(FloridaToday.com) - A complaint that elementary school students were drinking Mountain Dew before taking a high-stakes, standardized test has prompted Creel Elementary School to stop the long-standing practice.
The Melbourne school has been serving students trail mix and a small amount of Mountain Dew, about 3 tablespoons, before administering the Florida Comprehensive Assessment Test each day.
But giving students a sugary drink before the test – which is used in educational decisions, from teacher evaluations to student retentions – has raised concerns.
That includes the risk of students crashing from a sugar high mid-test, and the fact that state law prevents schools from selling soda.
A grandmother contacted local media about the practice, drawing the attention of administrators from Brevard Public schools.
"Once that was brought to our attention, we eliminated that practice," Brevard Public Schools Spokeswoman Michelle Irwin said. "We've advised Creel Elementary to only provide water as a beverage."
Creel Elementary School Principal Kathryn Eward started serving students Mountain Dew and trial mix about 10 years ago, after reading about its positive impacts in an education journal, Irwin said.

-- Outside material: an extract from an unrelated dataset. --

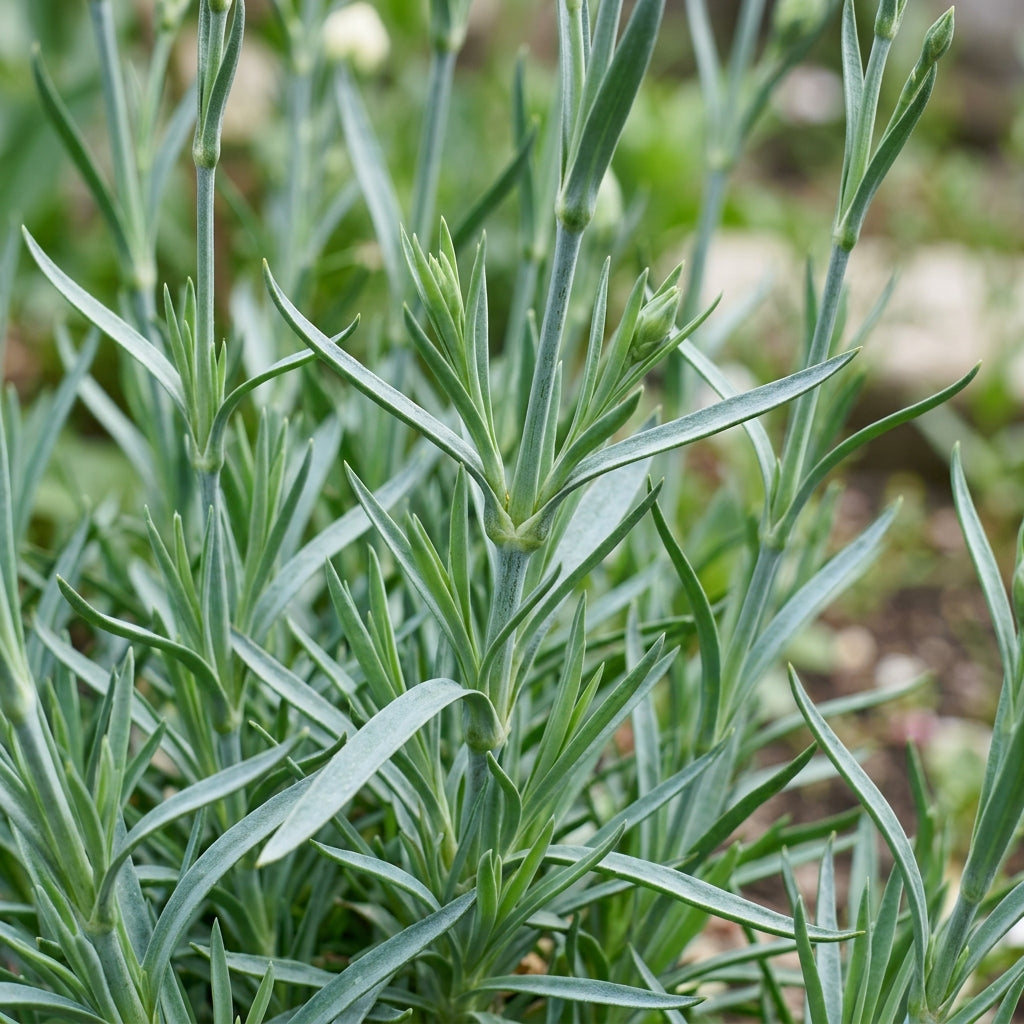 Carnation (Dianthus caryophyllus) Seeds for Planting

"She felt that it was a professional practice and implemented it," Irwin said. "Since then, there's been new information (about what's best for students)."
Eward said that the soda was part of an overall effort to get kids excited and ready for the FCAT. That includes urging students to get a good night's sleep, wear comfortable clothes and eat a healthy breakfast.

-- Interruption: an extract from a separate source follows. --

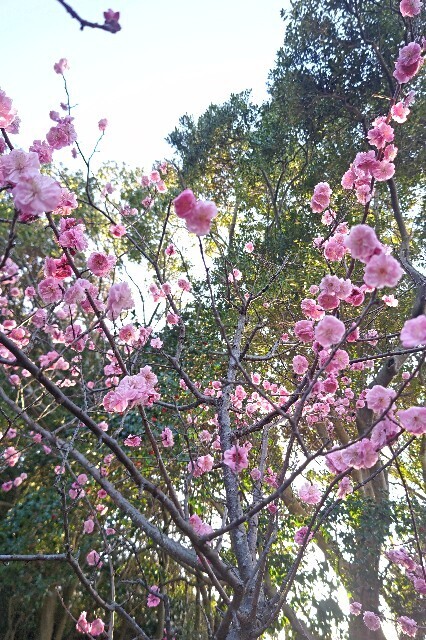 f:id:cutie_blue:20230308171416j:image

In addition, students have a lighter homework load during testing and receive special pencils.
The Mountain Dew was served in small Dixie cups, along with the trail mix. Starting Wednesday, students will receive water and trail mix.

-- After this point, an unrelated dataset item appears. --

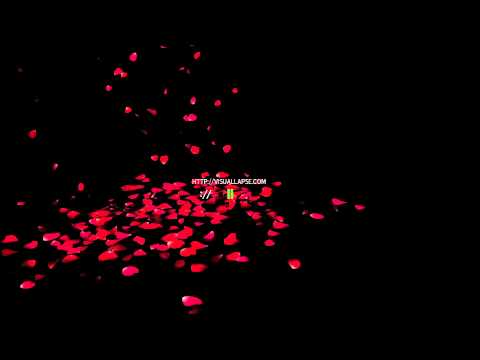HD Rose Petals Falling Royalty Free Stock Video Clip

"We don't think we were giving them enough to really get into" negative impacts of sugar highs and lows, Eward said. "We've done it for years. The kids look forward to the treats."
However, she said she respects the concerns raised by the practice. "It's wonderful for people to be mindful of their kids, and what they're eating and drinking and doing," she said.
Irwin said schools typically serve snacks before administering the FCAT. In addition, the district provides students with bottles of water.